On April 19 last year, in the crypt of Sydney’s St Mary’s Cathedral, Edward Idris Cardinal Cassidy, churchman, ecumenical pioneer, former Papal Nuncio, Sostituto (deputy) for General Affairs to the Secretary of State of the Holy See, tireless advocate of respect for the people of the first Covenant, was interred, after a two-and-a-half-hour Requiem Mass presided over by the Apostolic Nuncio to Australia, Archbishop Adolfo Tito Yllana, the Archbishop of Sydney, Anthony Fisher, fellow bishops, clergy and a packed congregation.

The presence of members of Jewish, Orthodox Christian and various Protestant denominations at the funeral indicated that this was no ordinary man. “Even if you cry your eyes out, don’t worry; he was worth every tear,” the Bishop of Wollongong, Brian Mascord, said in his homily.

Cassidy was an unlikely priest and an unlikelier ecumenical leader. He not only transformed Catholic relations not only with the “separated brethren” (other Christians), he also forged a new relationship of understanding between Catholics and Jews. No Australian Catholic since Saint Mary MacKillop of the Cross had greater influence on the Church. No Australian, notwithstanding Cardinal Pell’s recent eminence, has risen so high in the Holy See, with such lasting, global impact. His memoirs, My Years in Vatican Service (2009), and book Ecumenism and Inter-Religious Dialogue (2005) convey that perhaps only an Australian of his type could be so winningly effective.

Cassidy was born to non-Catholic parents who acrimoniously separated when he was a toddler (in 1926 his mother took his just-born baby brother, Douglas, to live with her and her de facto partner, whom she married sixteen years later) and Cassidy was brought up by his paternal grandparents. His grandmother, a Catholic, while on holiday at Gulgong in country New South Wales, decided to arrange what she had not done for her sons: baptism into the Catholic faith (although Cassidy had already been christened in the Church of England).
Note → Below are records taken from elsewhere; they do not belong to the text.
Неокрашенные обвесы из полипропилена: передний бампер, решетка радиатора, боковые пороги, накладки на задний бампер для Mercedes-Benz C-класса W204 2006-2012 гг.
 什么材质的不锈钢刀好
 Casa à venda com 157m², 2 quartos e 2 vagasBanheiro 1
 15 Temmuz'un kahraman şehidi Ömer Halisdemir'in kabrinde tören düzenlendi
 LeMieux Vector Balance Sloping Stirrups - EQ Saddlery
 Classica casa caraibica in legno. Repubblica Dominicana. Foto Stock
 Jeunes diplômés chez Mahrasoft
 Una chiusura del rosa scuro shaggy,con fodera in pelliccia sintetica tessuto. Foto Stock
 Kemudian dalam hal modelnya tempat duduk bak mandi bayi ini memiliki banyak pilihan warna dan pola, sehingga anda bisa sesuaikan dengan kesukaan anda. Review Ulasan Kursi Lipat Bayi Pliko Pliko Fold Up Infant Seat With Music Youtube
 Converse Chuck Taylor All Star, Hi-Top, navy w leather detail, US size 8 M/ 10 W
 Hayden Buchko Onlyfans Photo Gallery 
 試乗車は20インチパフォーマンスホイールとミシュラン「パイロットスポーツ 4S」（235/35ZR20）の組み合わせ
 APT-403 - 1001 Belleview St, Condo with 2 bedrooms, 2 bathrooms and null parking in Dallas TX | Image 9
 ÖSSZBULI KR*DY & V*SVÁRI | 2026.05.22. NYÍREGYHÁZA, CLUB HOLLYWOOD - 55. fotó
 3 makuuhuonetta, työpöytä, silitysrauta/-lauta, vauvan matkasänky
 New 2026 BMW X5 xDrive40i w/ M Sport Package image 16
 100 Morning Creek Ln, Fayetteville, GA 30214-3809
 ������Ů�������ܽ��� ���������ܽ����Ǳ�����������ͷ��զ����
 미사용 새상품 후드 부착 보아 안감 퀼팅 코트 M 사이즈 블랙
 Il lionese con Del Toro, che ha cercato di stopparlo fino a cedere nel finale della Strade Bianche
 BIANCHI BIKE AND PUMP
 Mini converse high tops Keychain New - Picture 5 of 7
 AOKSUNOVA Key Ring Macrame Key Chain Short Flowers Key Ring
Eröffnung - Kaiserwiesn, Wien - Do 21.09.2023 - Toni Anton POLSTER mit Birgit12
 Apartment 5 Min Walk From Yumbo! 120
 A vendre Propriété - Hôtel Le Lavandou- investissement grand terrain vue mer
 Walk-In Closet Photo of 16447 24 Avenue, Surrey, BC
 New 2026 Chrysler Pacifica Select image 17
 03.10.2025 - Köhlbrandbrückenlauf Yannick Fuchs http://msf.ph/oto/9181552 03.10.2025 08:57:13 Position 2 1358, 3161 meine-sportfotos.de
His father was an itinerant worker who stayed in touch, his granddad a retired mineworker on a pension—a poor but loving family.

Apart from a few years attending a convent school at Bondi, his schooling was at state schools near where he lived at Punchbowl and Condell Park—Bankstown Central (for primary) and then at Parramatta High School. There were no Catholic catechetical classes at the latter, so Cassidy went to the Methodist minister’s group. Yet he was determined in his Catholicism from a young age, trekking across paddocks to attend St Felix de Valois Church on Chapel Road, Bankstown. One parish priest, the Catholic historian and later archbishop, Eris O’Brien, encouraged him to contemplate holy orders. After his grandfather died in 1939, to support his grandmother young Ed left school at fifteen without completing his education, a common experience for working-class lads.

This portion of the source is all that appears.